**Task to carry out**
Could you return each entry below exactly as written, minus any pictures?

**Data**
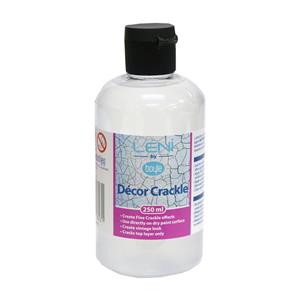 Boyle 250ml LENi Medium Craft Decor Crackle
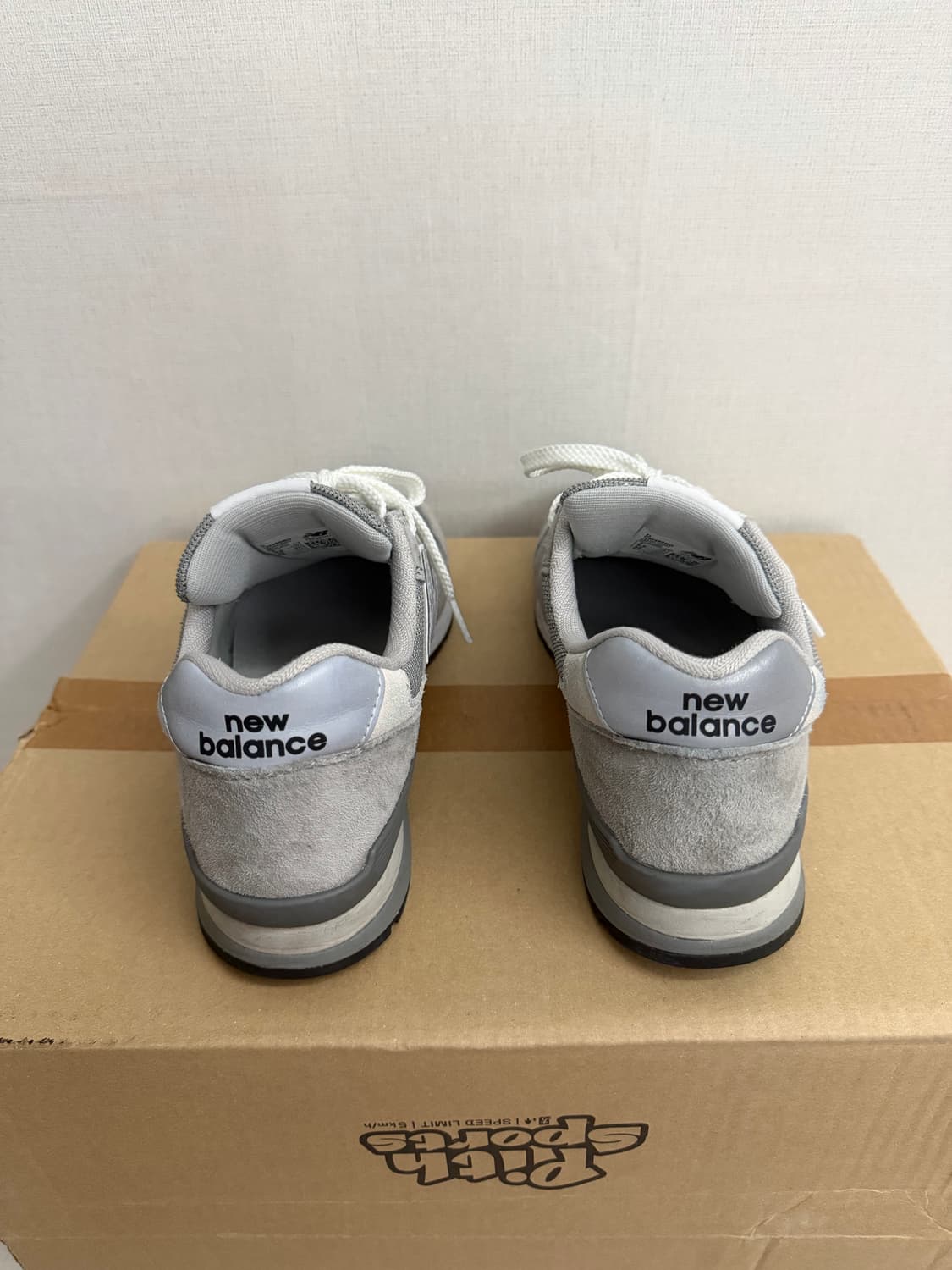 뉴발란스 996 그레이 250 상품이미지4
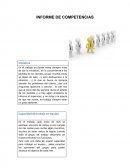 INFORME DE COMPETENCIAS.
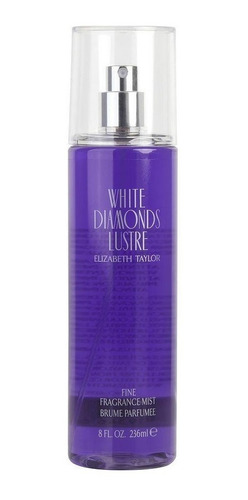 E. Taylor White Diamonds Lustre 236ml Mujer/ Perfumisimo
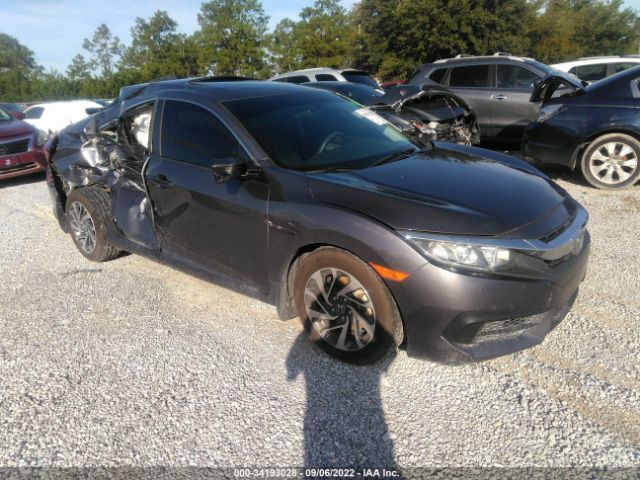 HONDA CIVIC SEDAN 2018 19xfc2f73je029292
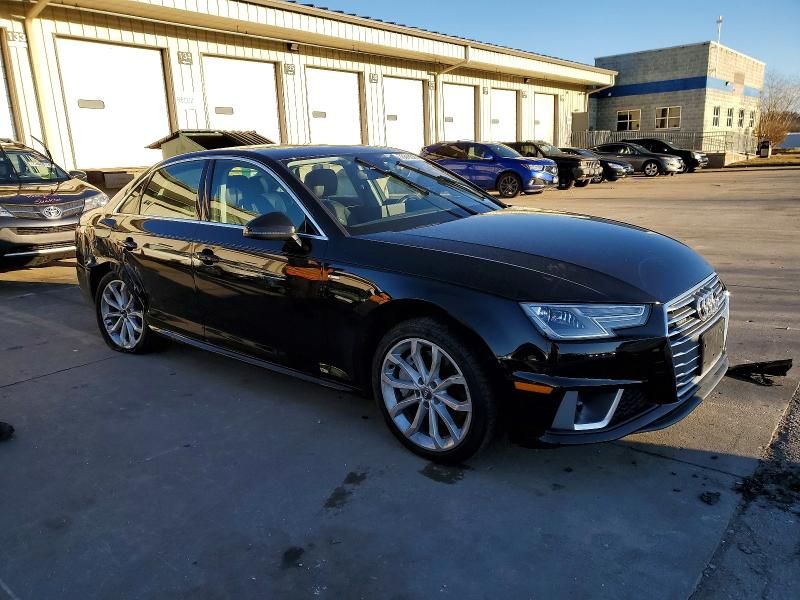 2019 Audi A4 Premium
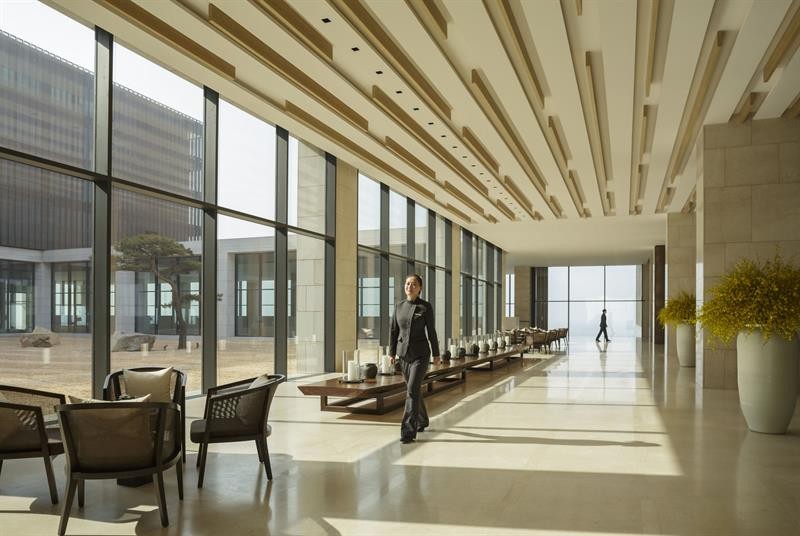 The Lalu Qingdao,Jiaozhou>>Huangdao,5 star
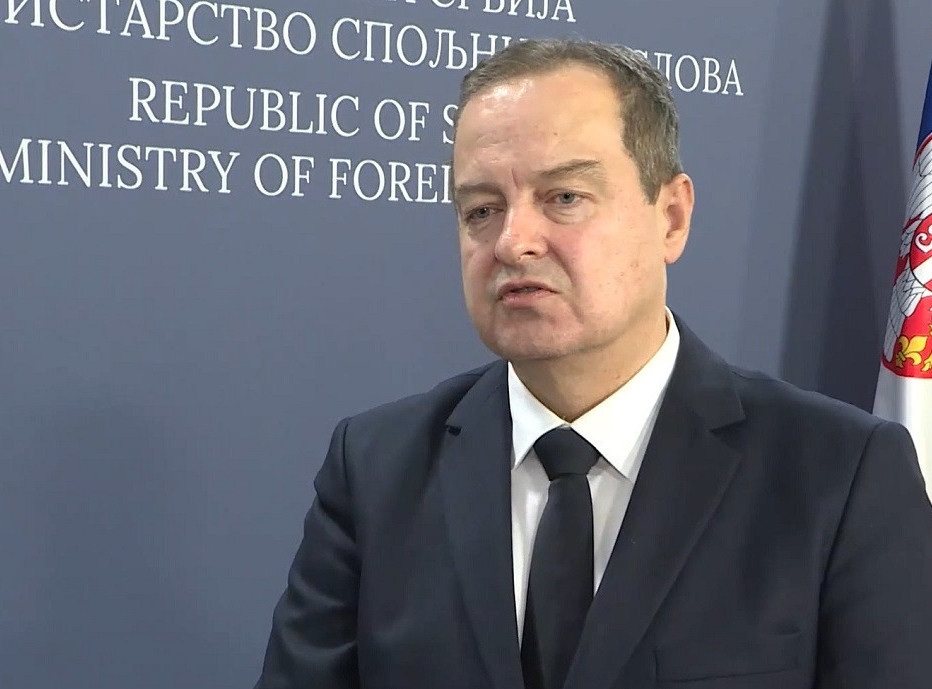 Dacic: It is not first time ambassadors in Belgrade and Pristina disagree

**Response to this task**
 Boyle 250ml LENi Medium Craft Decor Crackle
 뉴발란스 996 그레이 250 상품이미지4
 INFORME DE COMPETENCIAS.
 E. Taylor White Diamonds Lustre 236ml Mujer/ Perfumisimo
 HONDA CIVIC SEDAN 2018 19xfc2f73je029292
 2019 Audi A4 Premium
 The Lalu Qingdao,Jiaozhou>>Huangdao,5 star
 Dacic: It is not first time ambassadors in Belgrade and Pristina disagree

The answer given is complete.